Open MPI logo

Open MPI Development Mailing List Archives

  |   Home   |   Support   |   FAQ   |   all Development mailing list

Subject: Re: [OMPI devel] Inherent limit on #communicators?
From: Brian W. Barrett (brbarret_at_[hidden])
Date: 2009-04-30 14:20:18

On Thu, 30 Apr 2009, Ralph Castain wrote:

> We seem to have hit a problem here - it looks like we are seeing a
> built-in limit on the number of communicators one can create in a
> program. The program basically does a loop, calling MPI_Comm_split each
> time through the loop to create a sub-communicator, does a reduce
> operation on the members of the sub-communicator, and then calls
> MPI_Comm_free to release it (this is a minimized reproducer for the real
> code). After 64k times through the loop, the program fails.
> This looks remarkably like a 16-bit index that hits a max value and then
> blocks.
> I have looked at the communicator code, but I don't immediately see such
> a field.
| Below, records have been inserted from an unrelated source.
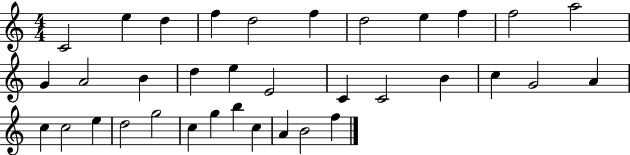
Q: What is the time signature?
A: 4/4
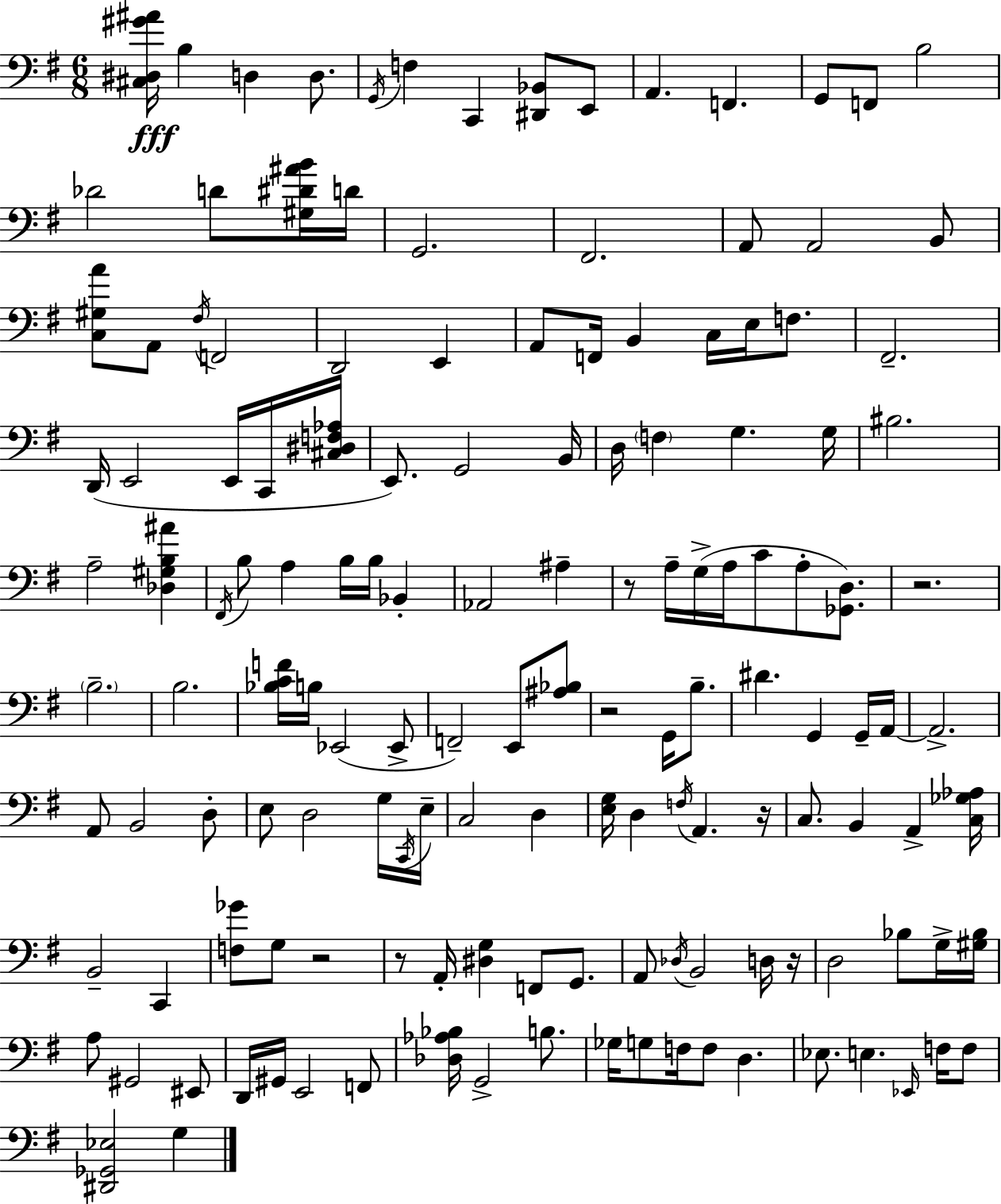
{
  \clef bass
  \numericTimeSignature
  \time 6/8
  \key e \minor
  <cis dis gis' ais'>16\fff b4 d4 d8. | \acciaccatura { g,16 } f4 c,4 <dis, bes,>8 e,8 | a,4. f,4. | g,8 f,8 b2 | \break des'2 d'8 <gis dis' ais' b'>16 | d'16 g,2. | fis,2. | a,8 a,2 b,8 | \break <c gis a'>8 a,8 \acciaccatura { fis16 } f,2 | d,2 e,4 | a,8 f,16 b,4 c16 e16 f8. | fis,2.-- | \break d,16( e,2 e,16 | c,16 <cis dis f aes>16 e,8.) g,2 | b,16 d16 \parenthesize f4 g4. | g16 bis2. | \break a2-- <des gis b ais'>4 | \acciaccatura { fis,16 } b8 a4 b16 b16 bes,4-. | aes,2 ais4-- | r8 a16-- g16->( a16 c'8 a8-. | \break <ges, d>8.) r2. | \parenthesize b2.-- | b2. | <bes c' f'>16 b16 ees,2( | \break ees,8-> f,2--) e,8 | <ais bes>8 r2 g,16 | b8.-- dis'4. g,4 | g,16-- a,16~~ a,2.-> | \break a,8 b,2 | d8-. e8 d2 | g16 \acciaccatura { c,16 } e16-- c2 | d4 <e g>16 d4 \acciaccatura { f16 } a,4. | \break r16 c8. b,4 | a,4-> <c ges aes>16 b,2-- | c,4 <f ges'>8 g8 r2 | r8 a,16-. <dis g>4 | \break f,8 g,8. a,8 \acciaccatura { des16 } b,2 | d16 r16 d2 | bes8 g16-> <gis bes>16 a8 gis,2 | eis,8 d,16 gis,16 e,2 | \break f,8 <des aes bes>16 g,2-> | b8. ges16 g8 f16 f8 | d4. ees8. e4. | \grace { ees,16 } f16 f8 <dis, ges, ees>2 | \break g4 \bar "|."
}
Is anyone aware of some other place where we would have a limit
> that would cause this problem?

There's a maximum of 32768 communicator ids when using OB1 (each PML can
set the max contextid, although the communicator code is the part that
actually assigns a cid). Assuming that comm_free is actually properly
called, there should be plenty of cids available for that pattern.
However, I'm not sure I understand the block algorithm someone added to
cid allocation - I'd have to guess that there's something funny with that
routine and cids aren't being recycled properly.